**WHAT TO PRODUCE**.
Repeat the data below exactly, dropping any pictures it holds.

**RECORDED DATA**.
######
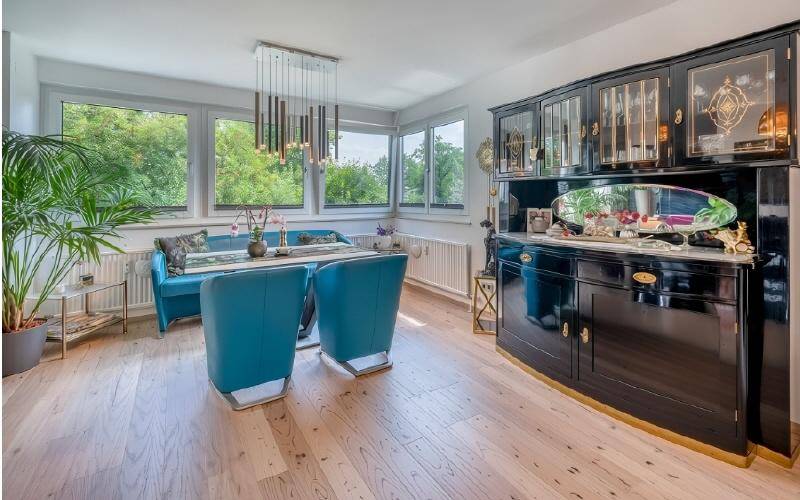 Eleganter Essbereich mit Holzboden, großem Fenster und einem antiken Sideboard.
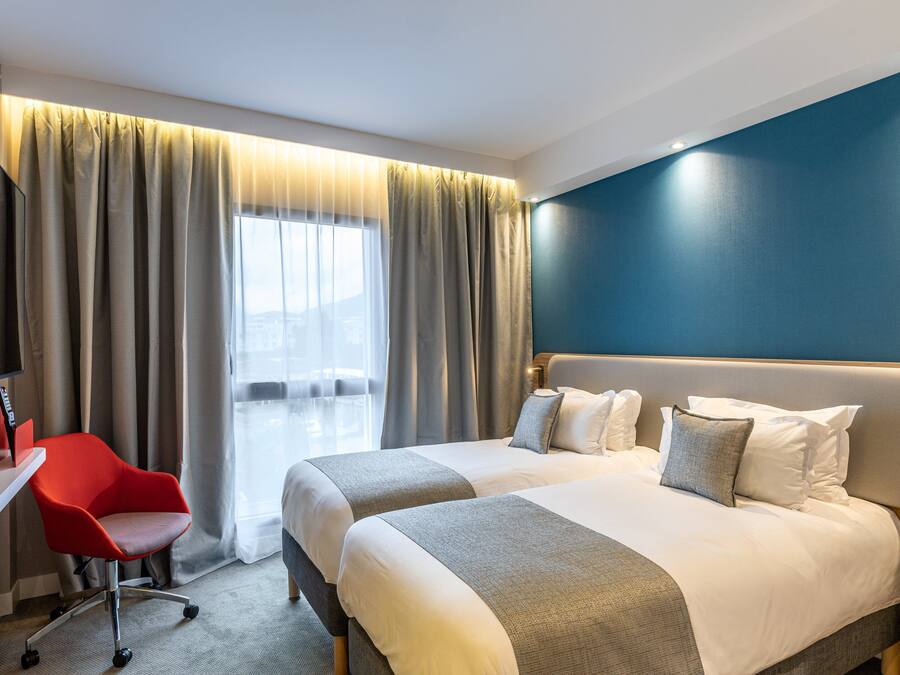 A hotel room with a bed, a desk with a chair, and a TV.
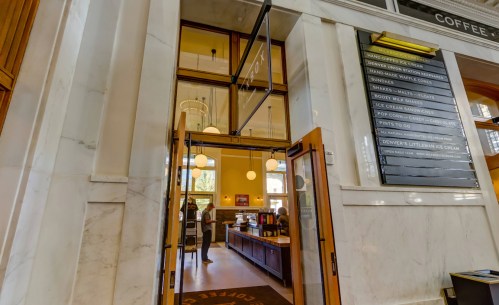 Entrance to a bright café with marble walls, featuring a menu board and wooden furniture.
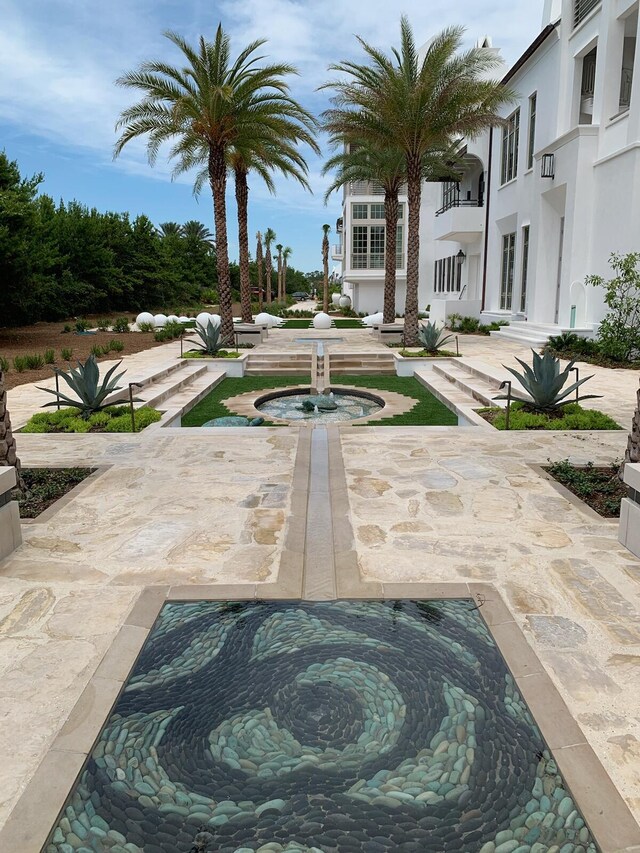 view of community featuring a patio area and a hot tub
######
**YOUR RESPONSE**.
 Eleganter Essbereich mit Holzboden, großem Fenster und einem antiken Sideboard.
 A hotel room with a bed, a desk with a chair, and a TV.
 Entrance to a bright café with marble walls, featuring a menu board and wooden furniture.
 view of community featuring a patio area and a hot tub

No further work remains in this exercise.